[DATA FOR THIS EXERCISE — start]
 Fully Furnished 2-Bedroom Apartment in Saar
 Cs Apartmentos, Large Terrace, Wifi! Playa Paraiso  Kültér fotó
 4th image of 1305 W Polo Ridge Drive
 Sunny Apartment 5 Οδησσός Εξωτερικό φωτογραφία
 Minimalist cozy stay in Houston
[DATA FOR THIS EXERCISE — finish]
[DATA FOR THIS EXERCISE — start]
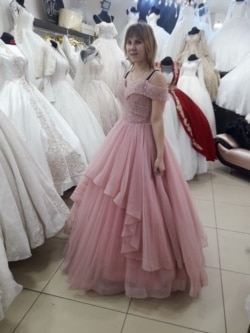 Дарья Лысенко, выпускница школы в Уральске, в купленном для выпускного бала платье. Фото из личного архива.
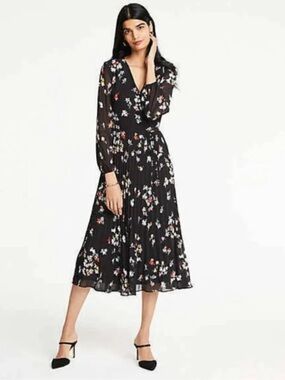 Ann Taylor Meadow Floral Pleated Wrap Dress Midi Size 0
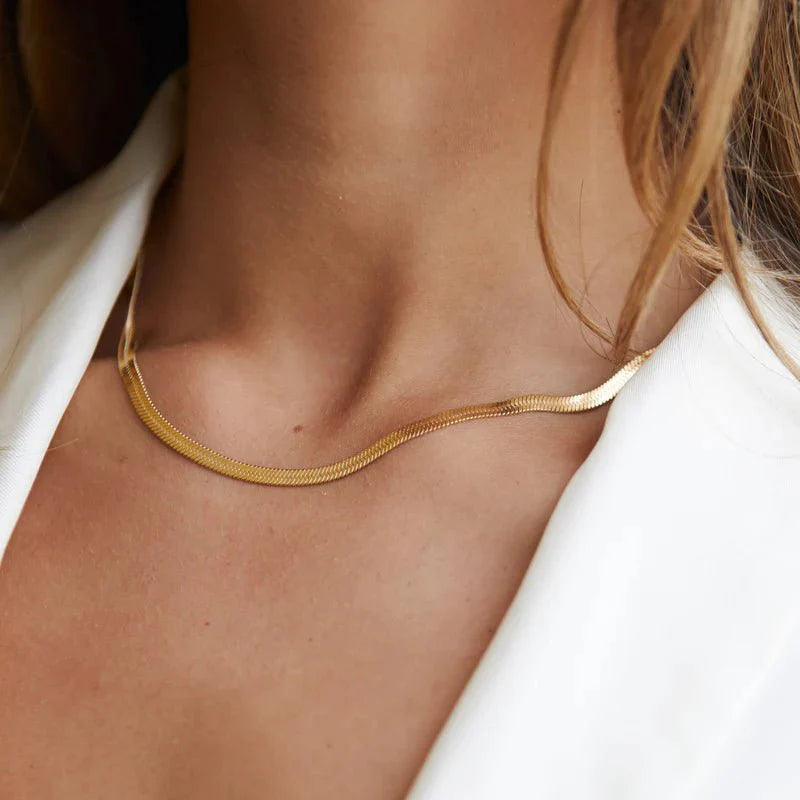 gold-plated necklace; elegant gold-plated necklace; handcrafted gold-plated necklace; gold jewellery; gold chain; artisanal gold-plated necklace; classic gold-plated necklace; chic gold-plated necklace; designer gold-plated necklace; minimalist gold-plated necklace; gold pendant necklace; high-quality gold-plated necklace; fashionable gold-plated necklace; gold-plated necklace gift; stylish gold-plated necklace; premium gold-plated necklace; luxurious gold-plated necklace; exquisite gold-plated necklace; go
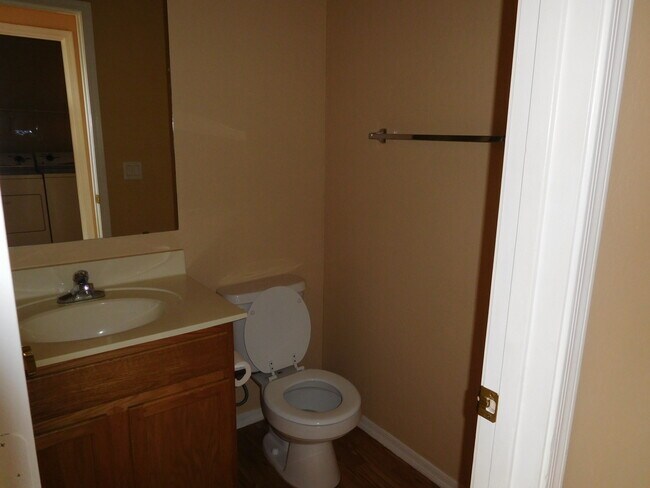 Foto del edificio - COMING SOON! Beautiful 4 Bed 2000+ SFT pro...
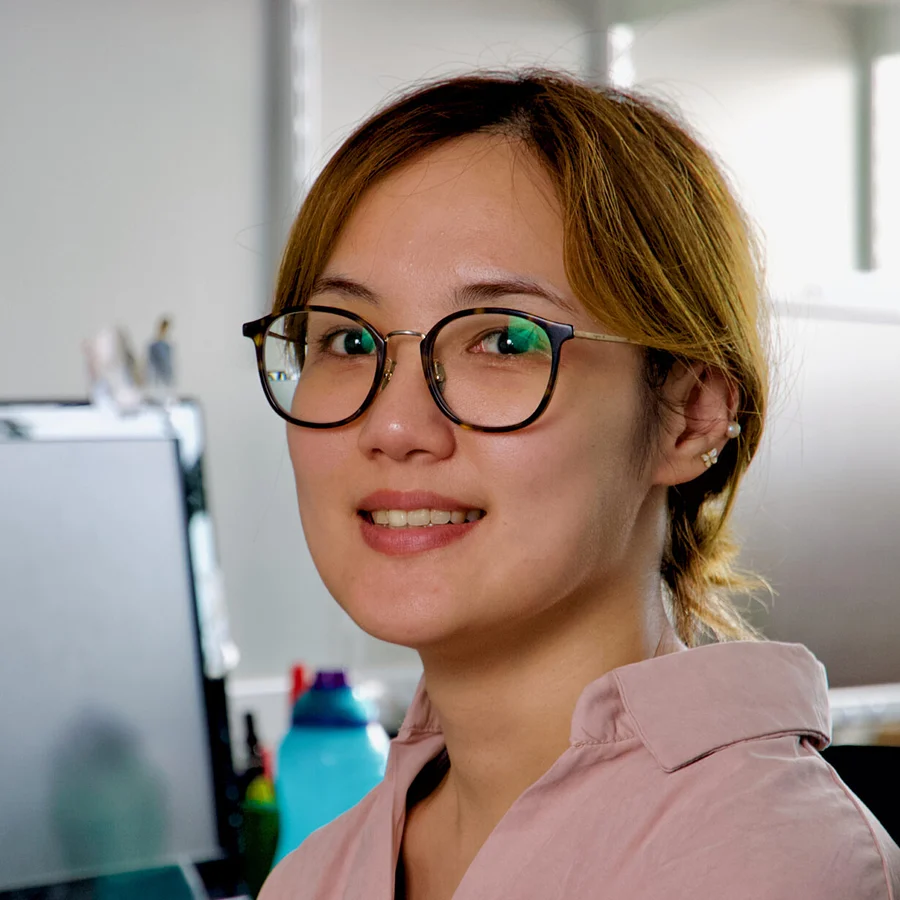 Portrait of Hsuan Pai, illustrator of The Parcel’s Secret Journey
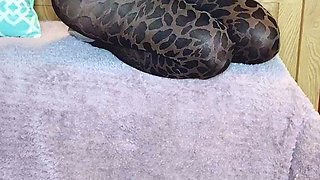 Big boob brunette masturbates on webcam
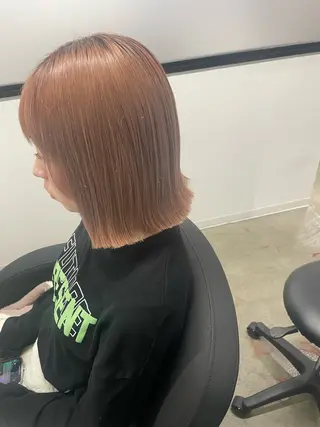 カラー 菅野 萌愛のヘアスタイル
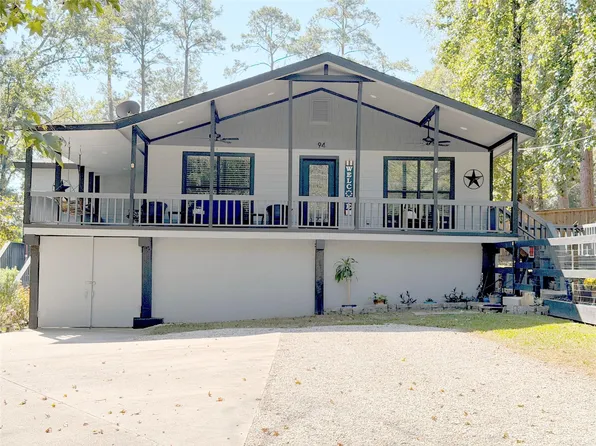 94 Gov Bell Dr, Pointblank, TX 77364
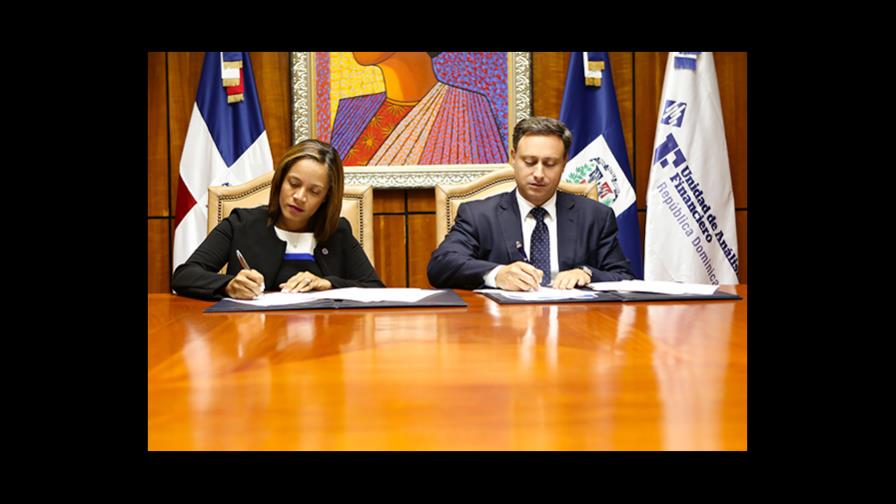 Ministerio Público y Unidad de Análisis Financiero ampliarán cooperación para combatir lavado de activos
[DATA FOR THIS EXERCISE — finish]
HOW TO COMPLETE THIS TASK: Write out word for word the lines above that run from the one with "Ann Taylor Meadow" to the one with "Ministerio Público y". Include both end lines; exclude the images.

OUTPUT FOR THIS EXERCISE:
 Ann Taylor Meadow Floral Pleated Wrap Dress Midi Size 0
 gold-plated necklace; elegant gold-plated necklace; handcrafted gold-plated necklace; gold jewellery; gold chain; artisanal gold-plated necklace; classic gold-plated necklace; chic gold-plated necklace; designer gold-plated necklace; minimalist gold-plated necklace; gold pendant necklace; high-quality gold-plated necklace; fashionable gold-plated necklace; gold-plated necklace gift; stylish gold-plated necklace; premium gold-plated necklace; luxurious gold-plated necklace; exquisite gold-plated necklace; go
 Foto del edificio - COMING SOON! Beautiful 4 Bed 2000+ SFT pro...
 Portrait of Hsuan Pai, illustrator of The Parcel’s Secret Journey
 Big boob brunette masturbates on webcam
 カラー 菅野 萌愛のヘアスタイル
 94 Gov Bell Dr, Pointblank, TX 77364
 Ministerio Público y Unidad de Análisis Financiero ampliarán cooperación para combatir lavado de activos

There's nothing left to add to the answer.